Copy the data exactly from the line that contains "Кабель живлення для" through the line that contains "Salt-Water Sandals Boardwalk Black", keeping both end lines and leaving out everything else.

Exercise data:
┄┄┄┄┄┄┄┄┄┄┄┄┄┄┄┄┄┄┄┄

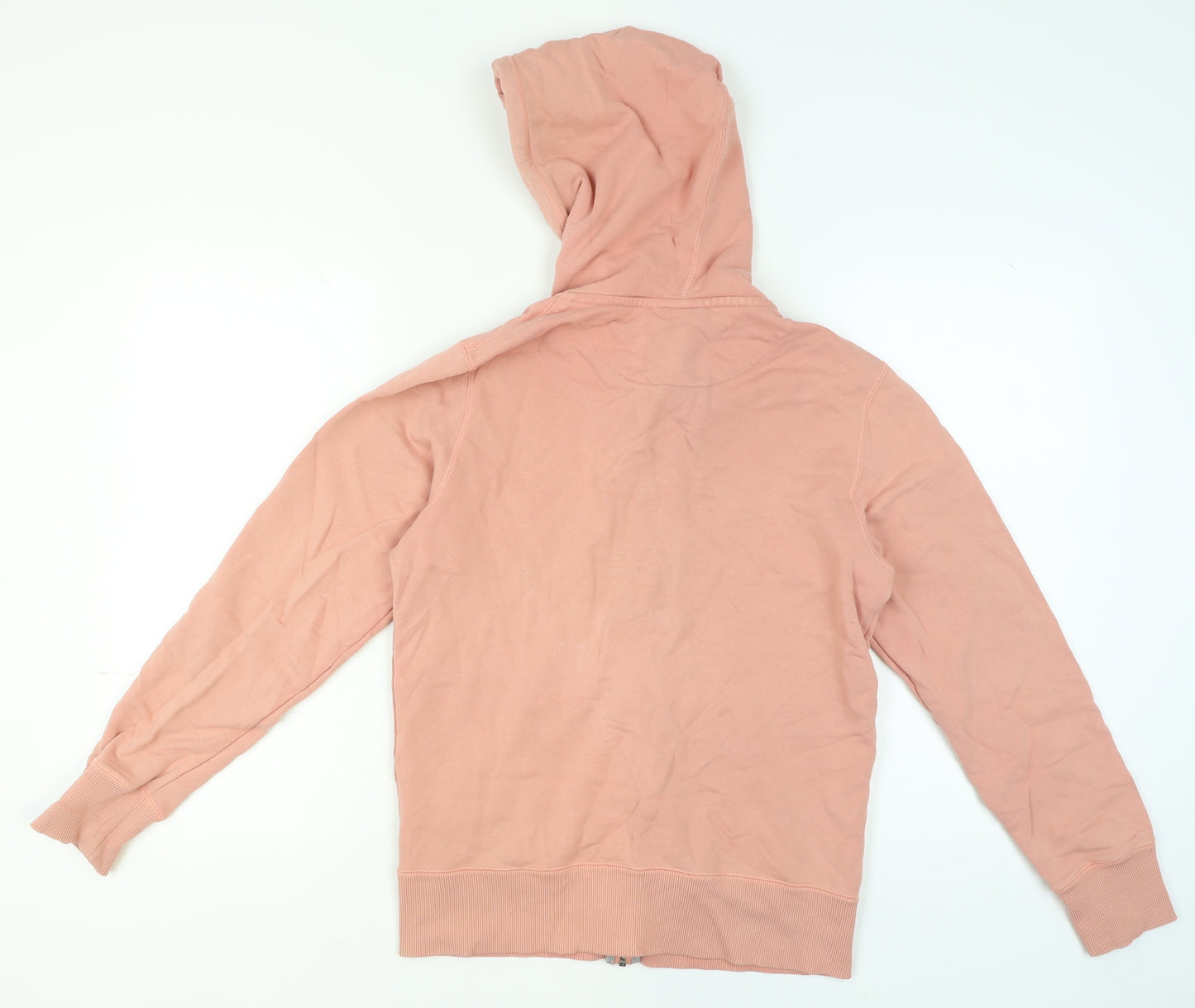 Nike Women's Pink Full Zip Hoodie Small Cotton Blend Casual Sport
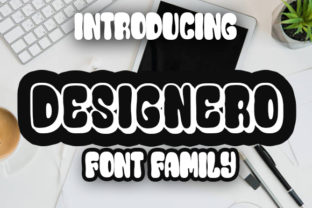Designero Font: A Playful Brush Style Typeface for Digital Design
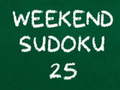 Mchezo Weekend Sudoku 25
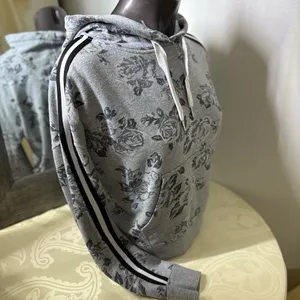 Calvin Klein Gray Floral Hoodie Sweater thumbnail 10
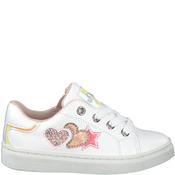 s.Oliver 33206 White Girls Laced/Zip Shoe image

┄┄┄┄┄┄┄┄┄┄┄┄┄┄┄┄┄┄┄┄

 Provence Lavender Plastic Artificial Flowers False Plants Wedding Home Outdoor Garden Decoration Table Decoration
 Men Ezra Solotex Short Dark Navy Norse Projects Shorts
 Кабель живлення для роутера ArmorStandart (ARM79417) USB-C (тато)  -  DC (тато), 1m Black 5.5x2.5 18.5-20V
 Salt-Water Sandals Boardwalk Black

┄┄┄┄┄┄┄┄┄┄┄┄┄┄┄┄┄┄┄┄

Solution to the problem:
 Кабель живлення для роутера ArmorStandart (ARM79417) USB-C (тато)  -  DC (тато), 1m Black 5.5x2.5 18.5-20V
 Salt-Water Sandals Boardwalk Black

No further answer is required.